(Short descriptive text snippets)
+ + + +

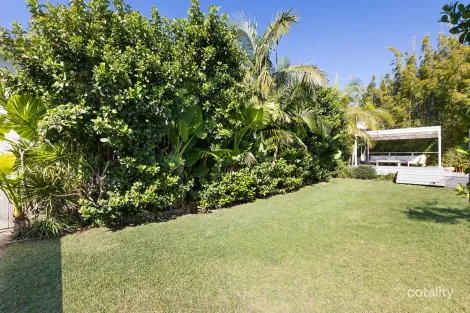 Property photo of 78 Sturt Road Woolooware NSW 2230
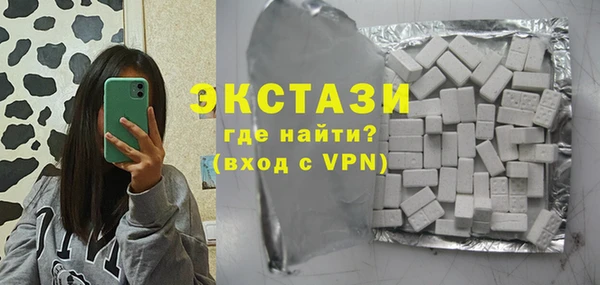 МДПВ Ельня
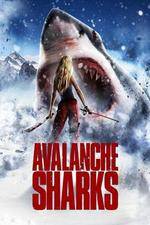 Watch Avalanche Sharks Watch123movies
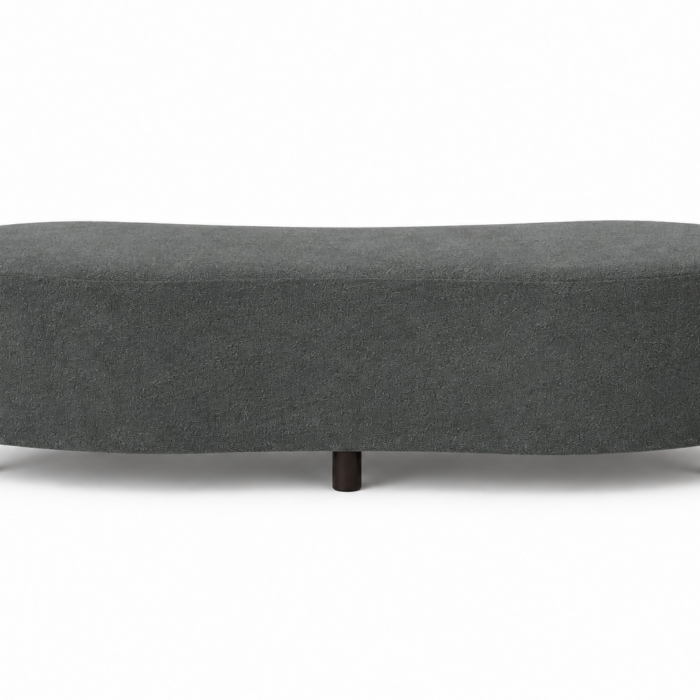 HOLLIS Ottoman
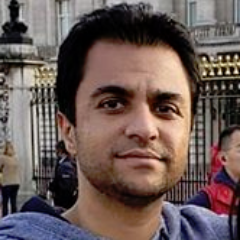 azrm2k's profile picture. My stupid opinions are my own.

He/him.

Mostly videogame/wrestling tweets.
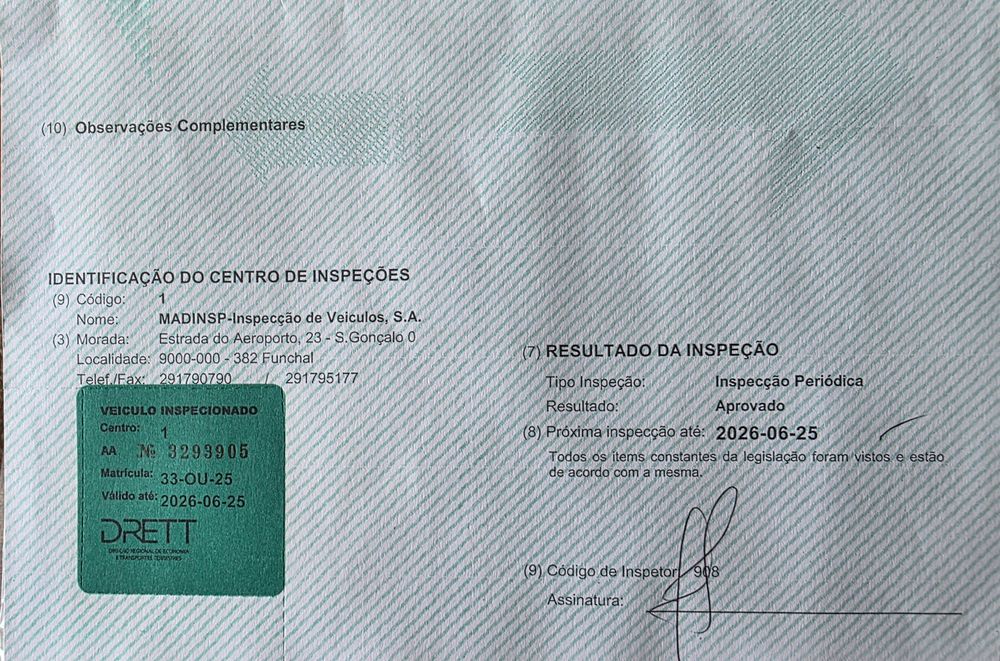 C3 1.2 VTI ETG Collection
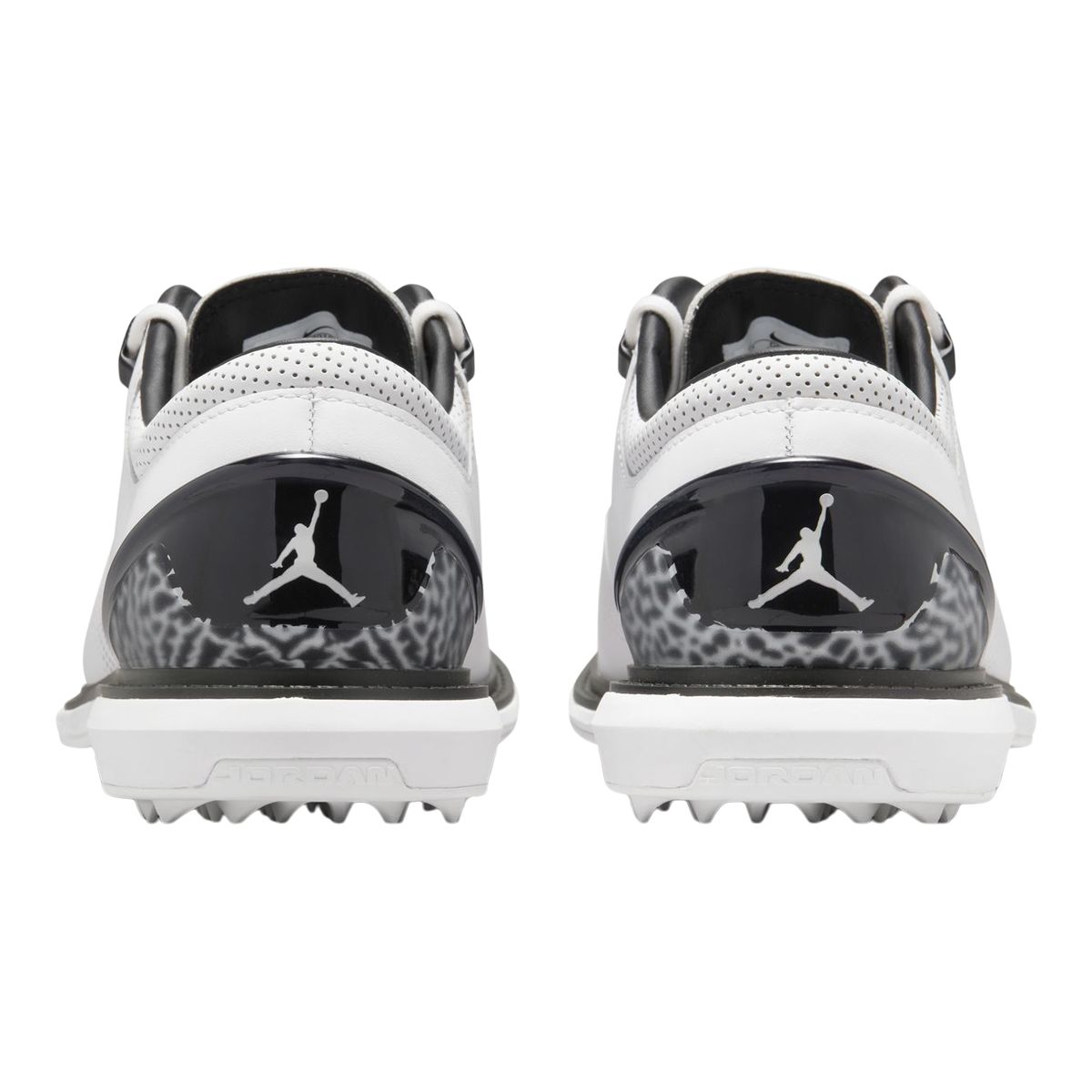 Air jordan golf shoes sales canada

+ + + +

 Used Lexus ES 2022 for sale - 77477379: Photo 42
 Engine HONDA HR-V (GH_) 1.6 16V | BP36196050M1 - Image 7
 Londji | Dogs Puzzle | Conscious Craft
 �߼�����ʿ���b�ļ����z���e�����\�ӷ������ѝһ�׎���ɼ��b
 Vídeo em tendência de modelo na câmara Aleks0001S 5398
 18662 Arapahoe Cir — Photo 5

+ + + +

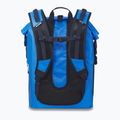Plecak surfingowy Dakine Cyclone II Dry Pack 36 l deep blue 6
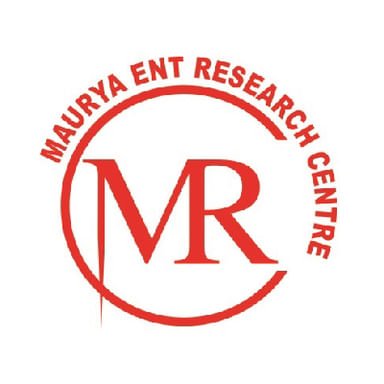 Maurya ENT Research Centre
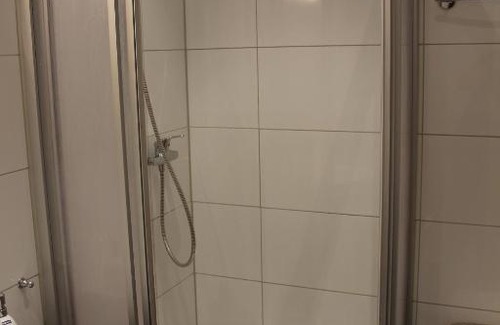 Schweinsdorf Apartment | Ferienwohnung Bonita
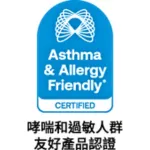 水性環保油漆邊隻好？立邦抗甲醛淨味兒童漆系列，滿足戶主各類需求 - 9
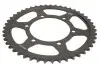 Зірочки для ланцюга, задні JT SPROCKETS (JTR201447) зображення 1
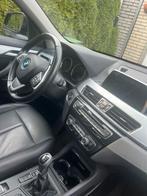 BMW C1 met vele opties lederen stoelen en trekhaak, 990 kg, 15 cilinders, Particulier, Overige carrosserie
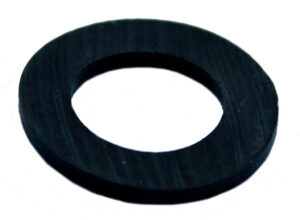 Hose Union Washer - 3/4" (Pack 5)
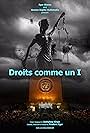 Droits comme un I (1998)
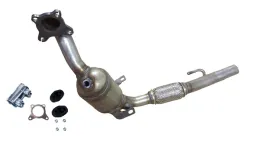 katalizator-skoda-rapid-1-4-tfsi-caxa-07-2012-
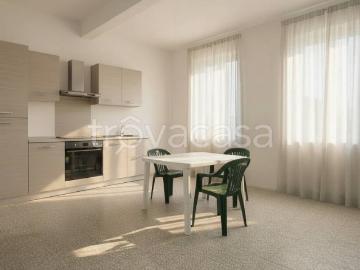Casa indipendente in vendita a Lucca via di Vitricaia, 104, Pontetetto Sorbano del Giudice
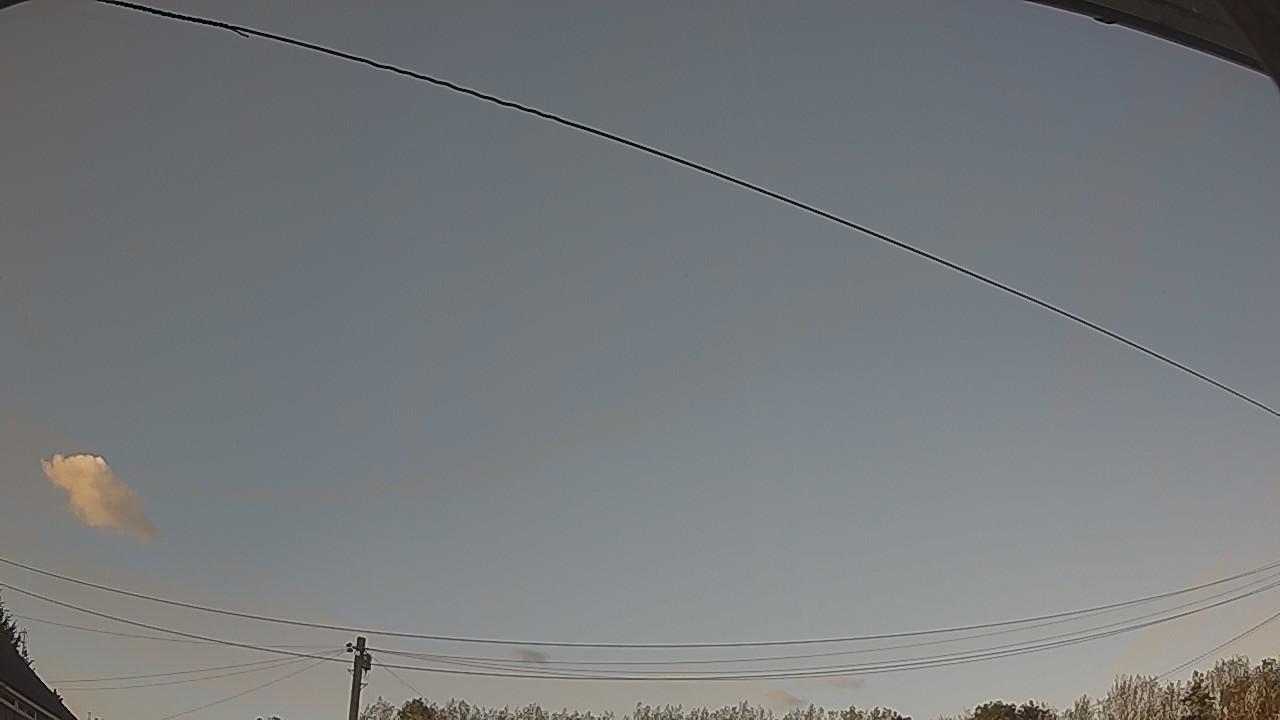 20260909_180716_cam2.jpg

+ + + +

How to complete this task: Looking above, find the stretch of lines that opens with the one holding "Maurya ENT Research Centre" and closes with the one holding "20260909_180716_cam2.jpg". Copy it exactly, pictures excluded.

Result of this exercise:
 Maurya ENT Research Centre
 Schweinsdorf Apartment | Ferienwohnung Bonita
 水性環保油漆邊隻好？立邦抗甲醛淨味兒童漆系列，滿足戶主各類需求 - 9
 Зірочки для ланцюга, задні JT SPROCKETS (JTR201447) зображення 1
 BMW C1 met vele opties lederen stoelen en trekhaak, 990 kg, 15 cilinders, Particulier, Overige carrosserie
 Hose Union Washer - 3/4" (Pack 5)
 Droits comme un I (1998)
 katalizator-skoda-rapid-1-4-tfsi-caxa-07-2012-
Casa indipendente in vendita a Lucca via di Vitricaia, 104, Pontetetto Sorbano del Giudice
 20260909_180716_cam2.jpg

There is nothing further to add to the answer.